Патриарх Игнатий, окруженный епископами и архимандритами, вышел навстречу процессии и принял ее у дверей собора. Дмитрий и Марина взошли на приготовленный для них помост. После этого приступили к коронации невесты. Обряд сопровождался благословениями, молитвами и церковными песнопениями. Патриарх помазал Марину священной миррой, возложил на ее голову корону и царские регалии на плечи. Дмитрий предоставил ему совершить все эти действия. Позже императоры присвоили себе право собственноручно возлагать корону на императриц. После коронования царь и царица, воссев на троне, прослушали обедню. В конце ее протопоп Федор дал им брачное благословение. Таково было заключение самборского романа.
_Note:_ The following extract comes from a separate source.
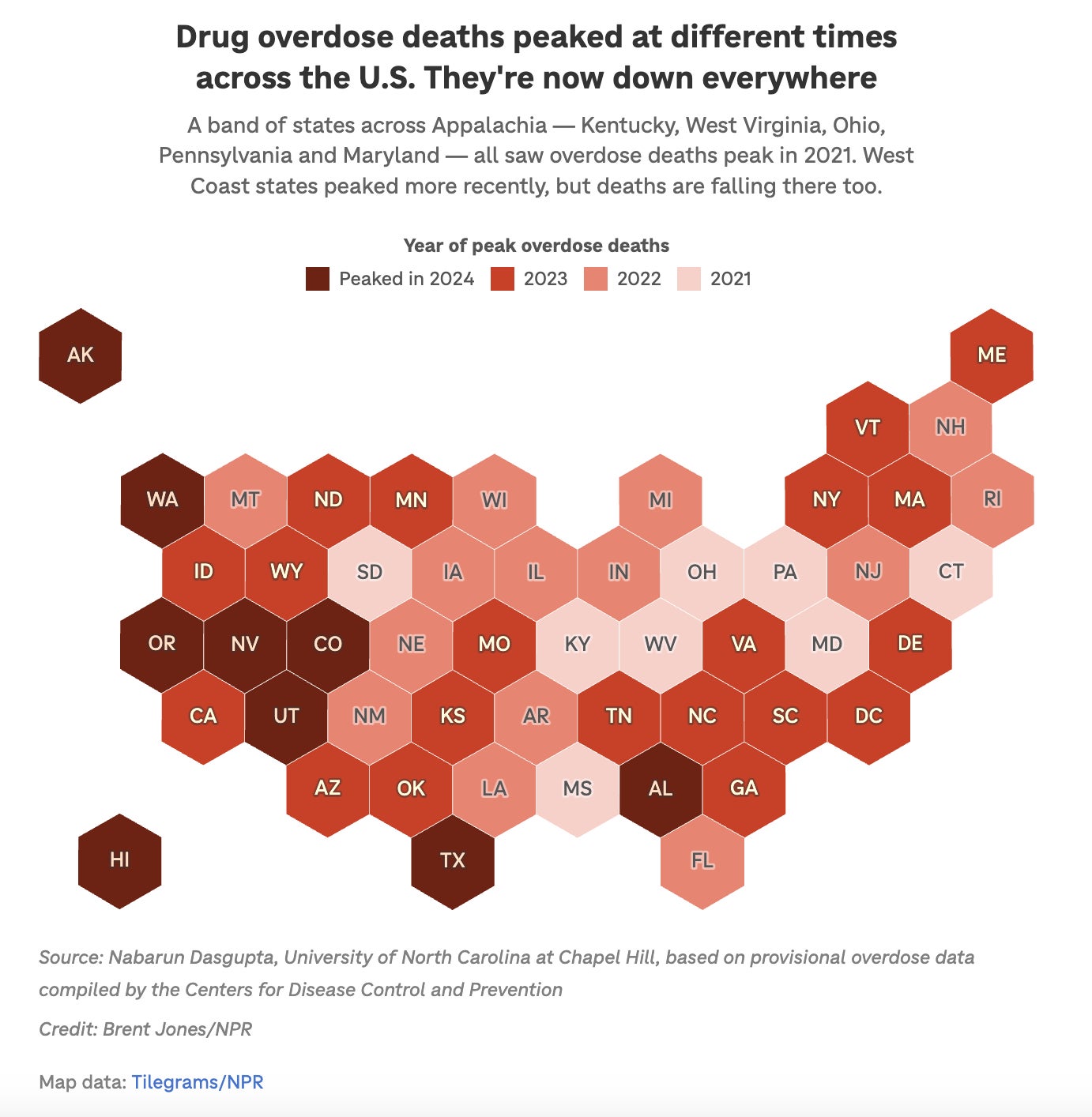 a data map showing overdose trends across the U.S.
Церемония не обошлась без замешательства. Русские были предупреждены относительно причастия Марины. Архидьякон и протодьякон должны были, согласно официальному церемониалу, публично пригласить царицу к алтарю: Дмитрий же должен был сопровождать ее. Однако папа заявил свое veto, и царь обещал Мнишеку не настаивать на причастии. Что было делать перед этой альтернативой? Вернее говоря, что было сделано, чья сторона одержала верх? Большинство историков чересчур торопливо разрешает этот вопрос. Впрочем, в настоящее время сомнений уже не может быть. Некий очевидец, долго молчавший, в конце концов бросил на чашу весов свое святительское слово. Архиепископ Арсений лично принимал участие в церемонии. От него не скрылась ни одна подробность, и вот, что он говорит в своих записках: «После венчания ни тот, ни другая (Дмитрий и Марина) не выразили желания причаститься святых тайн. Это смутило многих присутствующих, и не только патриарха и епископов, но и всех тех, кто видел и слышал это. Таково было первое и великое огорчение; таково было начало смуты и источник многих бедствий московского народа и всей Руси».[29]
Это свидетельство неоспоримо: оно исходит из достаточно надежного источника, чтобы быть беспристрастным.
Мелочное соблюдение других традиционных форм не могло искупить смелости новобрачных и изгладить тяжелое впечатление, произведенное ею на окружающих. Все это были, в сущности, только подробности. Между прочим, молодым подали вина. Сосуд, из которого они отпили, был брошен наземь; здесь его растоптали ногами в мелкие куски. При выходе из собора в толпу, теснившуюся по пути молодого государя, целыми пригоршнями бросали серебряные и золотые монеты.